Home

Awesome

Pidgin

A lightweight, fast, and flexible parsing library for C#.

Installing

Pidgin is available on Nuget. API docs are hosted on my website.

Tutorial

There's a tutorial on using Pidgin to parse a subset of Prolog on my website.

Getting started

Pidgin is a parser combinator library, a lightweight, high-level, declarative tool for constructing parsers. Parsers written with parser combinators look like a high-level specification of a language's grammar, but they're expressed within a general-purpose programming language and require no special tools to produce executable code. Parser combinators are more powerful than regular expressions - they can parse a larger class of languages - but simpler and easier to use than parser generators like ANTLR.

Pidgin's core type, Parser<TToken, T>, represents a procedure which consumes an input stream of TTokens, and may either fail with a parsing error or produce a T as output. You can think of it as:

delegate T? Parser<TToken, T>(IEnumerator<TToken> input);

In order to start building parsers we need to import two classes which contain factory methods: Parser and Parser<TToken>.

using Pidgin;
using static Pidgin.Parser;
using static Pidgin.Parser<char>;  // we'll be parsing strings - sequences of characters. For other applications (eg parsing binary file formats) TToken may be some other type (eg byte).

Primitive parsers

Now we can create some simple parsers. Any represents a parser which consumes a single character and returns that character.

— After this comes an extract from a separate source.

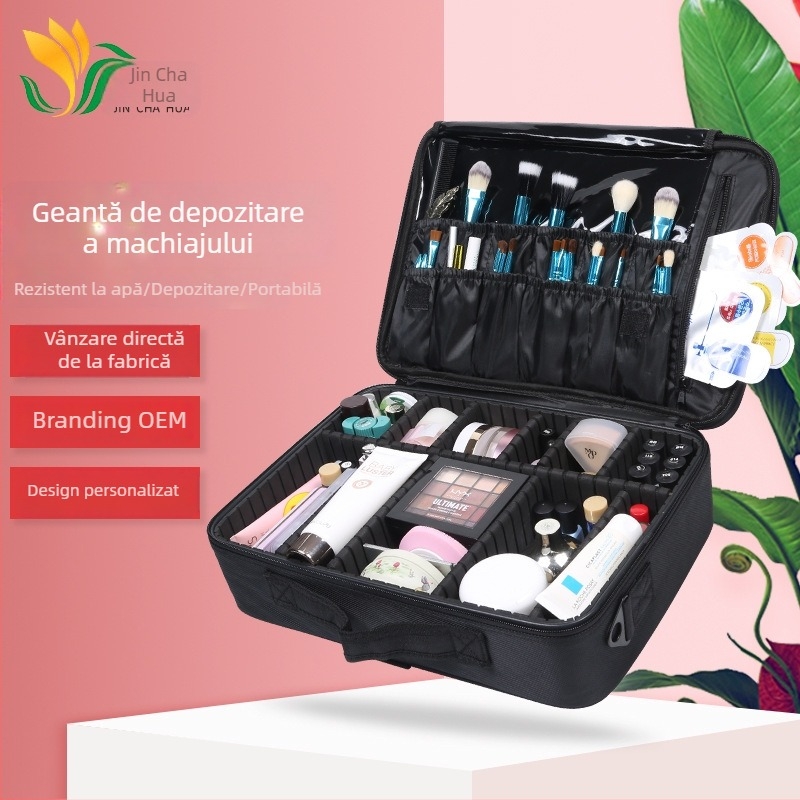 Geantă cosmetică portabilă profesională pentru unelte de tatuaj și depozitare gene, formă cub, material Oxford, căptușeală 420D, stil neutru, pentru depozitare în dormitor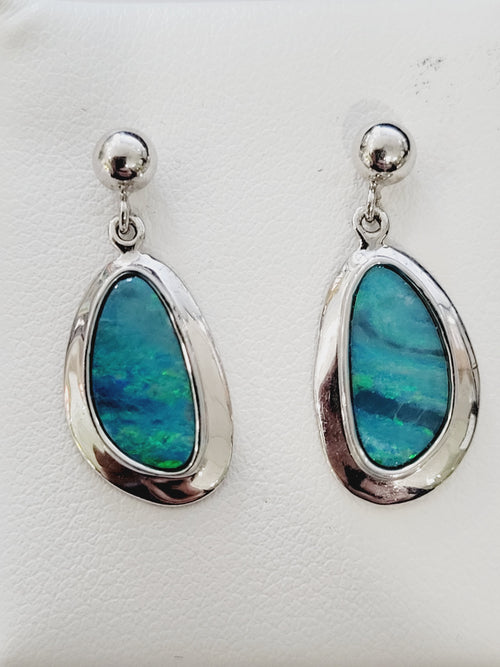 Sterling Silver Australian Green Flash Opal Doublet Dangle Earrings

Assert.AreEqual('a', Any.ParseOrThrow("a"));
Assert.AreEqual('b', Any.ParseOrThrow("b"));

Char, an alias for Token, consumes a particular character and returns that character. If it encounters some other character then it fails.

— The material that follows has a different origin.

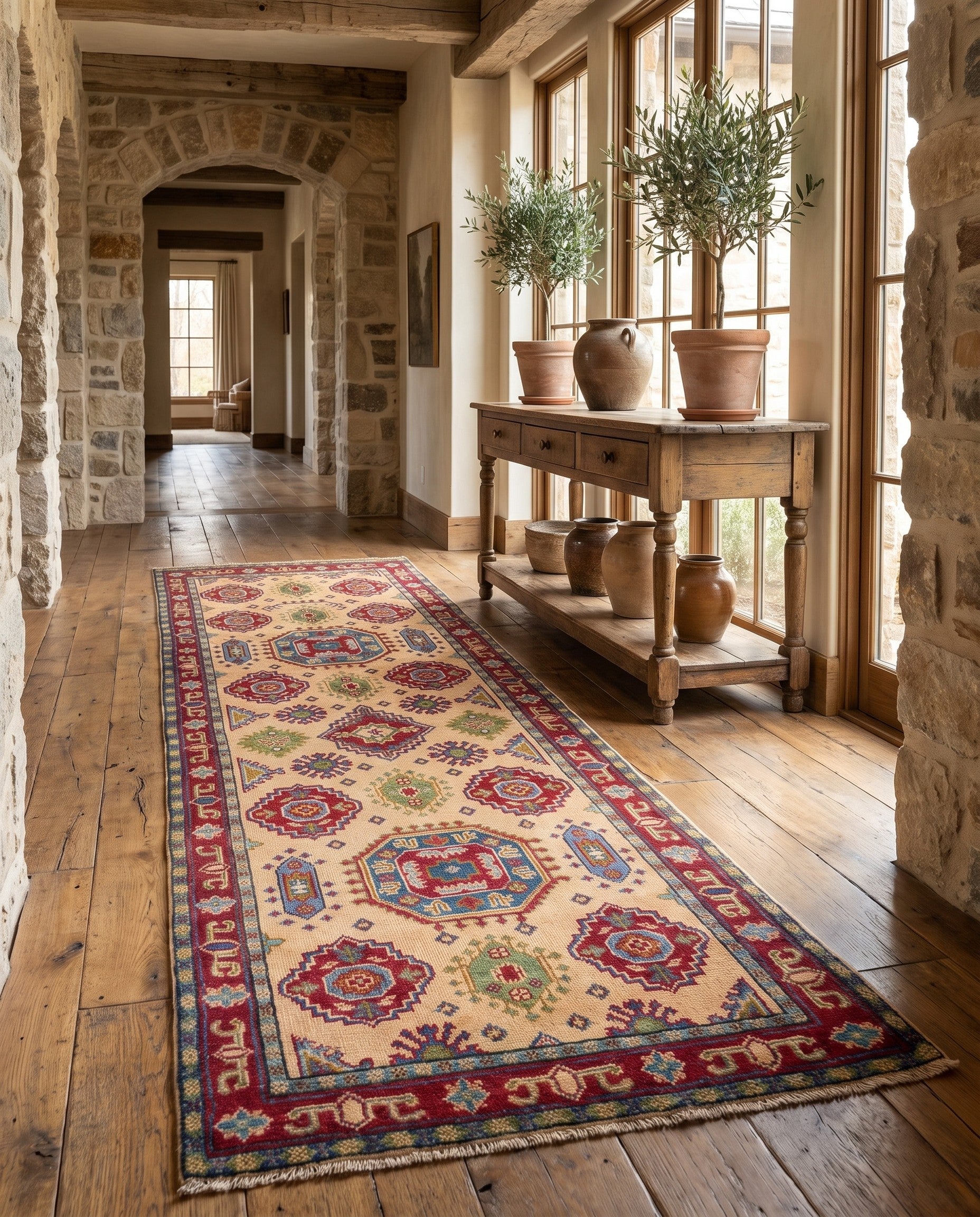 Detail image 3 of 10: 2' 8 x 6' 6 Hand Knotted Kazak Runner Rug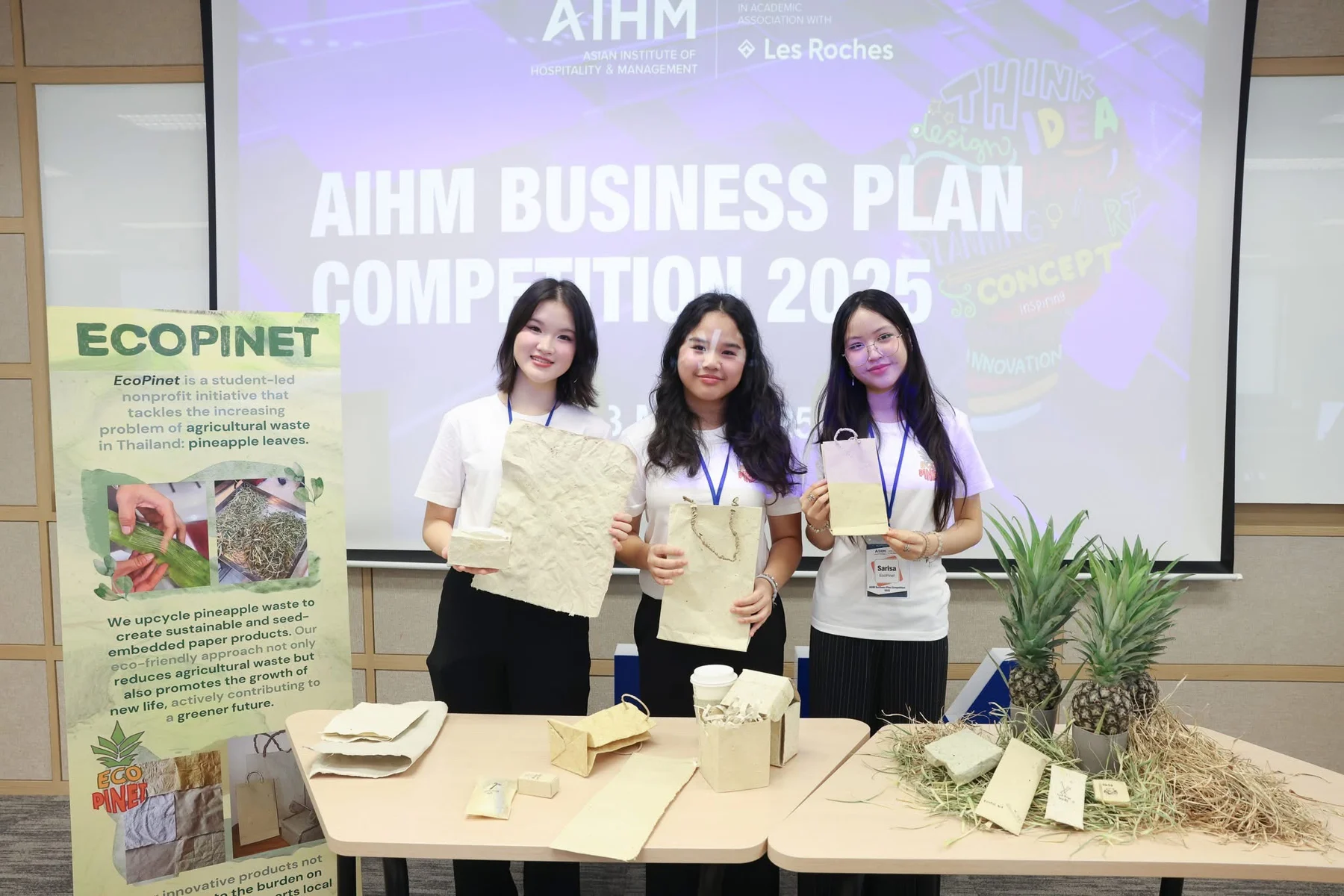 EcoPinet team presenting the award-winning sustainable packaging venture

Parser<char, char> parser = Char('a');
Assert.AreEqual('a', parser.ParseOrThrow("a"));
Assert.Throws<ParseException>(() => parser.ParseOrThrow("b"));

Digit parses and returns a single digit character.

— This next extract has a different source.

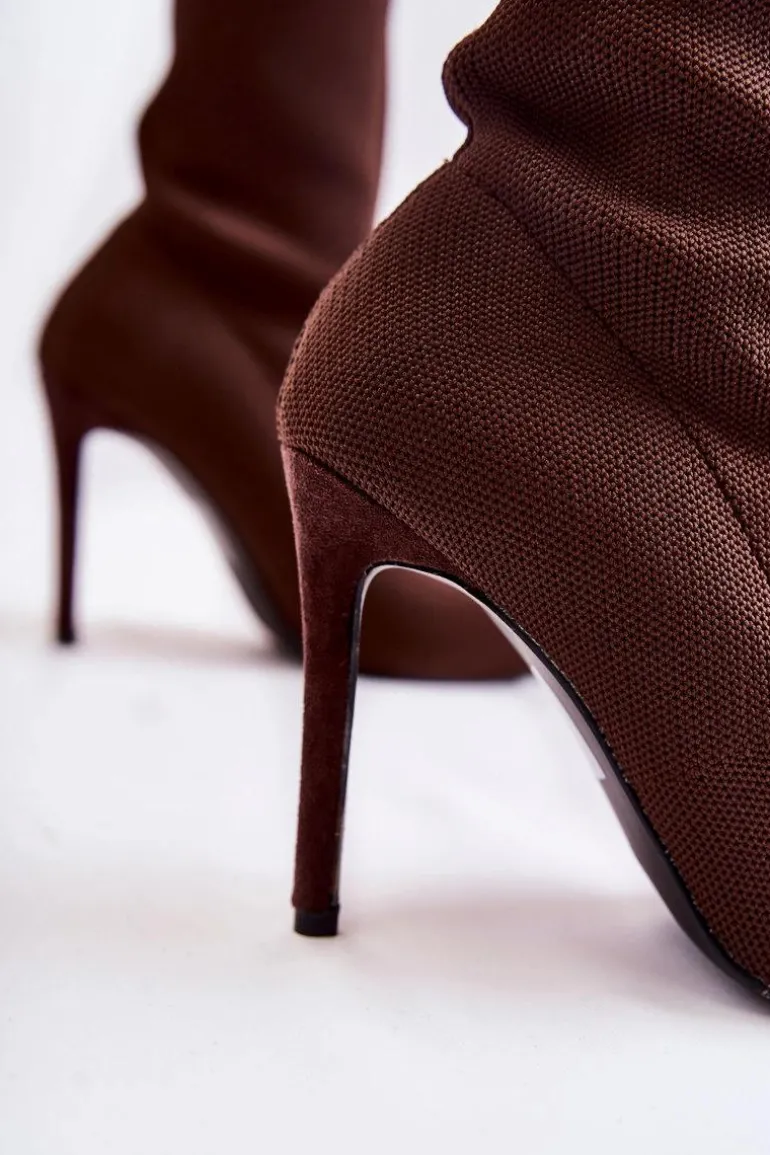 Damskie Wysokie Botki Ze Skarpetą Na Szpilce Brązowe Luisell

Assert.AreEqual('3', Digit.ParseOrThrow("3"));
Assert.Throws<ParseException>(() => Digit.ParseOrThrow("a"));

String parses and returns a particular string. If you give it input other than the string it was expecting it fails.

Parser<char, string> parser = String("foo");
Assert.AreEqual("foo", parser.ParseOrThrow("foo"));
Assert.Throws<ParseException>(() => parser.ParseOrThrow("bar"));

Return (and its synonym FromResult) never consumes any input, and just returns the given value. Likewise, Fail always fails without consuming any input.

Parser<char, int> parser = Return(3);
Assert.AreEqual(3, parser.ParseOrThrow("foo"));

Parser<char, int> parser2 = Fail<int>();
Assert.Throws<ParseException>(() => parser2.ParseOrThrow("bar"));

Sequencing parsers

The power of parser combinators is that you can build big parsers out of little ones. The simplest way to do this is using Then, which builds a new parser representing two parsers applied sequentially (discarding the result of the first).

Parser<char, string> parser1 = String("foo");
Parser<char, string> parser2 = String("bar");
Parser<char, string> sequencedParser = parser1.Then(parser2);
Assert.AreEqual("bar", sequencedParser.ParseOrThrow("foobar"));  // "foo" got thrown away
Assert.Throws<ParseException>(() => sequencedParser.ParseOrThrow("food"));

Before throws away the second result, not the first.

Parser<char, string> parser1 = String("foo");
Parser<char, string> parser2 = String("bar");
Parser<char, string> sequencedParser = parser1.Before(parser2);
Assert.AreEqual("foo", sequencedParser.ParseOrThrow("foobar"));  // "bar" got thrown away
Assert.Throws<ParseException>(() => sequencedParser.ParseOrThrow("food"));

Map does a similar job, except it keeps both results and applies a transformation function to them. This is especially useful when you want your parser to return a custom data structure. (Map has overloads which operate on between one and eight parsers; the one-parser version also has a postfix synonym Select.)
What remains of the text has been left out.